**SOURCE MATERIAL**:
• • • • •

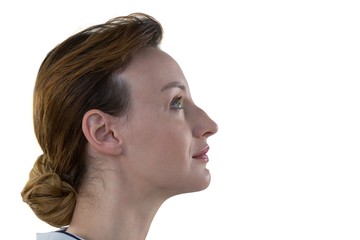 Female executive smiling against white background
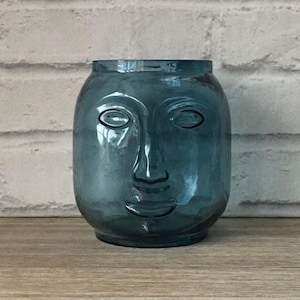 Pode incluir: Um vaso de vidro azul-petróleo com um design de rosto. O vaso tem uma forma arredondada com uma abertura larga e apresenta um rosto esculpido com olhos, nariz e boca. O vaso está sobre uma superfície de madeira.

• • • • •

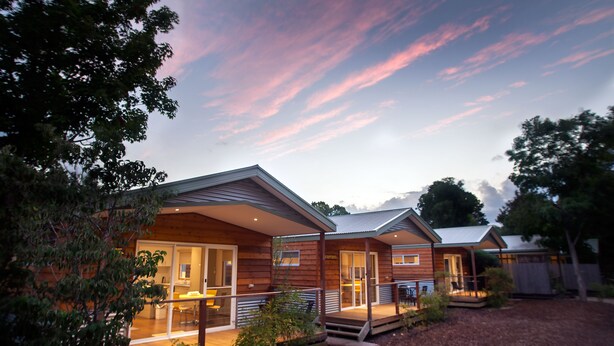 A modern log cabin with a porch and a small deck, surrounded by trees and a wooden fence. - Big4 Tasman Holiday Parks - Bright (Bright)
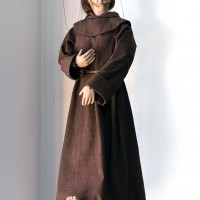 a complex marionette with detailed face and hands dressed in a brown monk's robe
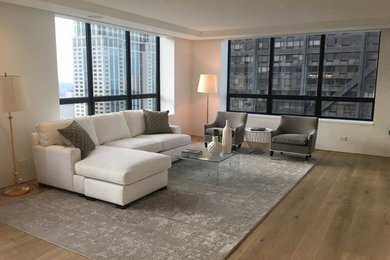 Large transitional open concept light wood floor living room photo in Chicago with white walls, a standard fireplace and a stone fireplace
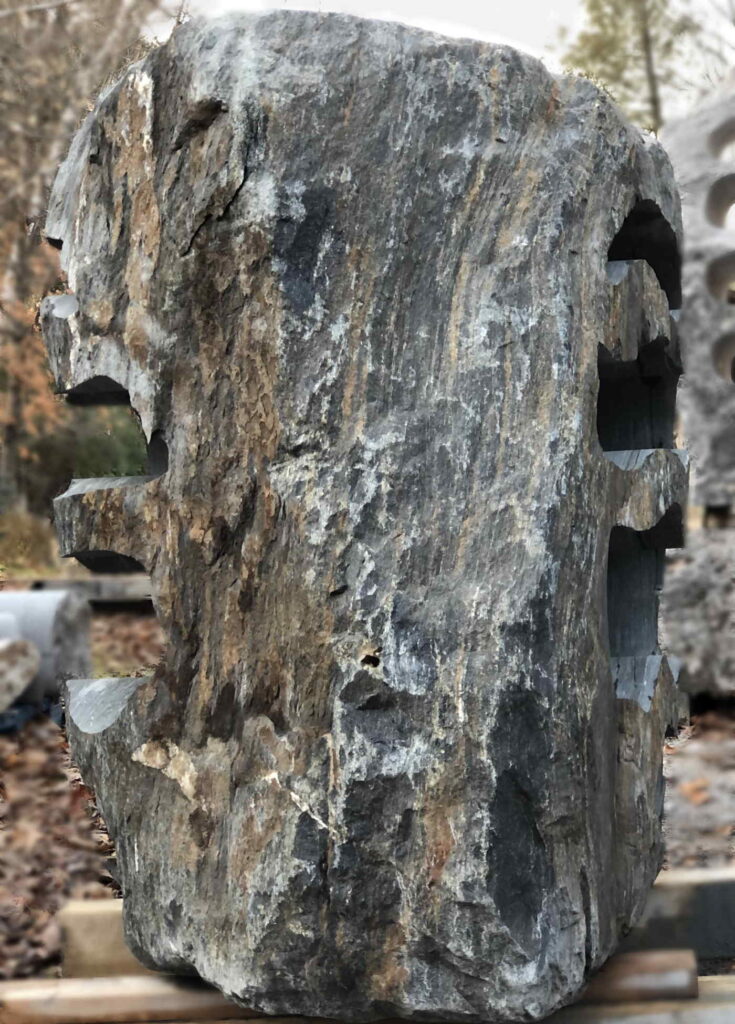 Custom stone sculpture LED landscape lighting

• • • • •

**EXERCISE DIRECTIONS**: Write down exactly what the lines above say, from the line holding "Female executive smiling" through the line holding "Pode incluir: Um", and nothing more. Do not copy the pictures.

**TASK SOLUTION**:
 Female executive smiling against white background
 Pode incluir: Um vaso de vidro azul-petróleo com um design de rosto. O vaso tem uma forma arredondada com uma abertura larga e apresenta um rosto esculpido com olhos, nariz e boca. O vaso está sobre uma superfície de madeira.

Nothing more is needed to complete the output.